Sénateurs et députés ont supprimé partiellement les niches fiscales des journalistes mais ont oublié de faire le ménage de leurs propres avantages.

AFP/Archives - CHRISTOPHE ARCHAMBAULT

Bravo ! Il fallait le faire : les députés ont adopté mardi un article mettant fin à l’avantage fiscal dont bénéficiaient les journalistes depuis 1998. Il s’agit (ou s’agissait) d’un « abattement pour frais d’emploi » d’un montant de 7.650 euros à déduire des revenus déclarés. Un abattement. Pas une réduction d’impôt. C’était injuste par rapport aux autres salariés, qui n’en bénéficiaient pas. Mais c’était aussi particulièrement bien ciblé, au moment où la cote des journalistes auprès de l’opinion publique est au plus bas. La mesure est davantage vexatoire que réelle, car l’abattement n’est supprimé que pour les journalistes dont le salaire est supérieur à 6000 euros nets par mois. Or, comme l’attestent les chiffres de l'Observatoire des métiers de la presse, le revenu médian des journalistes est, en moyenne, de 3.549 euros pour ceux qui sont en contrat à durée indéterminée et de 1.969 euros pour les pigistes. Quant aux journalistes qui gagnent plus de 6.000 euros nets par mois, il y en a… Mais ils représentent moins de 7% des professionnels de l’information.

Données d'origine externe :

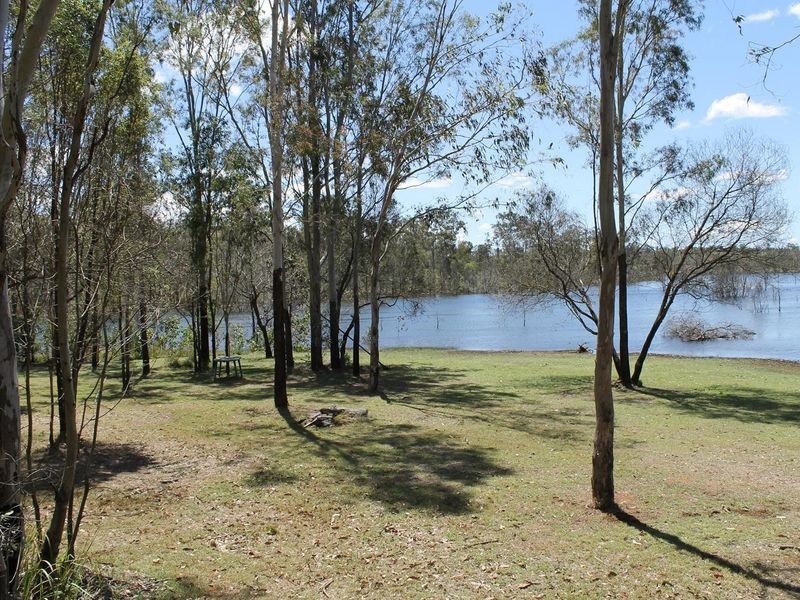 Coominya QLD 4311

L’an I de la révolution fiscale ?

Voila l’acte I de la révolution fiscale enclenché ! Mais, n’est-ce pas un peu court, messieurs-mesdames les parlementaires ? Pourquoi ne pas aller plus loin ? Et abolir toutes les réductions d’impôts, les abattements et autres avantages dont est truffée notre belle fiscalité. A commencer par les vôtres, justement. Les députés ont, c’est vrai, procédé avec sagesse, il y a quelques mois, à la suppression de leurs avantages les plus visibles. Ce que n’ont pas fait les sénateurs, qui continuent de profiter de plusieurs primes, passe-droits et réductions qui paraissent, vu les circonstances, totalement en décalage avec la réalité. Et à y bien regarder, les députés eux-mêmes, malgré leur tout récent accès de civisme, ne sont pas exempts que petits petits avantages, moins visibles, mais tout aussi injustifiables… A ce jeu du "Faites ce que je dis, ne faites pas ce que je fais… » , il est bon de reprendre quelques points qui peuvent en chiffonner quelques-uns. Et pas que les Gilets Jaunes.

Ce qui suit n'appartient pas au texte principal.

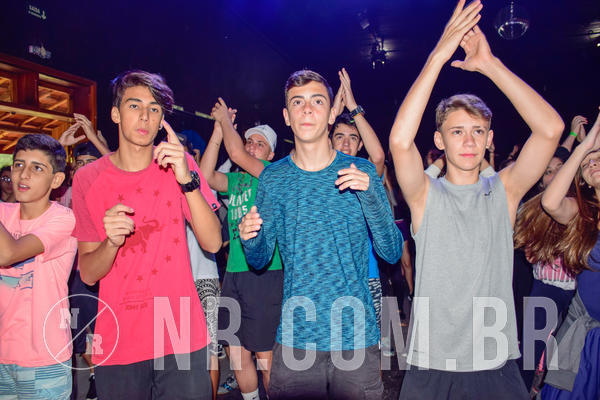 Buy your photos of the eventNR Sun 24 a 28/10/18 on Fotop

Un train (de vie) de sénateur

Alors que les députés ont rogné sur leurs avantages, les sénateurs n’ont pas lâché le moindre pouce de terrain. Ils continuent donc de bénéficier de gros coups de pouces, sur leur retraite, leur chômage et, plus bizarrement, sur leurs… frais d’obsèques. Les impôts des Français financent en effet l’allocation funéraire de nos sénateurs, qu’ils soient encore en fonction ou pas. A leur décès, leur famille reçoit en effet une « allocation funéraire » égale à 6 mois de la rémunération maximum d’élu du défunt (36.000 euros). Elle est destinée à aider à régler les frais d’obsèques. Plus raisonnable, les députés, qui avaient droit à une allocation de un et trois mois de rémunération (soit environ 18.000 euros) l’ont plafonnée à 2.350 euros. Autre hantise du sénateur, sa non-réélection. Elle fait donc l’objet d’une couverture très complète de la part de la Haute Assemblée… Un élu qui n’est plus réélu recevra donc une allocation « d’aide au retour à l’emploi ». Dégressive, elle est versée au maximum pendant 3 ans. Elle peut ainsi permettre aux sénateurs d’aller jusqu’à la retraite et de bénéficier alors d’un régime de retraite très favorable. Au moment où les parlementaires vont appeler les Français à se serrer la ceinture sur leur pension, les sénateurs bénéficient en effet d’une retraite complémentaire par points qui leur permet de jouir de pensions comparativement 2,5 fois supérieures à celles de leurs compatriotes. Et aussi, depuis quelques mois, de leurs homologues de l’Assemblée. Plus étonnant encore, au décès du sénateur, son conjoint percevra 60 % de sa pension, sans plafond ni conditions de ressources, ce qui est bien plus généreux, on en conviendra aisément, que le régime général.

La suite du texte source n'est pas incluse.